Choose between template function and auto type deduction

Question

I have a generic question about template functions versus auto type deduction for functions.

For years, we have have been able to write template function :

template <class T> T add(T a,T b){
    return a+b;
}

There is a TS for using auto for function's parameters deduction

auto add(auto a,auto b){
    return a+b;
}

I though with auto, one had no way to get to the actual type and for instance use static members, but this works just fine :

#include <iostream>

struct foo
{
    static void bar(){std::cout<<"bar"<<std::endl;}
    static int i ;
};
int foo::i{0};
void t(auto f){
    decltype(f)::bar();
    std::cout<<    decltype(f)::i<<std::endl;
}
int main(int argc, char *argv[])
{
    t(foo());
    return 0;
}    

So is there any reason to choose one instead of the other ?

Answer 1

The obvious reason for this particular code would be that they don't really have the same semantics at all.

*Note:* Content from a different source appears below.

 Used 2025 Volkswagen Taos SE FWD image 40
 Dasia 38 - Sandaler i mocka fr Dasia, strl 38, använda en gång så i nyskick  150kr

In particular, if you pass arguments of different types, the version using auto will deduce a type independently for each, then based on those deduce a type for the result.

Conversely, with the template version, you've specified exactly one type, so the arguments must both be the same type (and the result will be the same).

So, to get the code to be more nearly equivalent, you'd really need to write the template more like:

template <class T, class U> 
auto add(T a, U b) -> decltype(a+b) {
    return a+b;
}

This is obviously possible as well, but adds even more strength to the arguments in favor of using auto instead.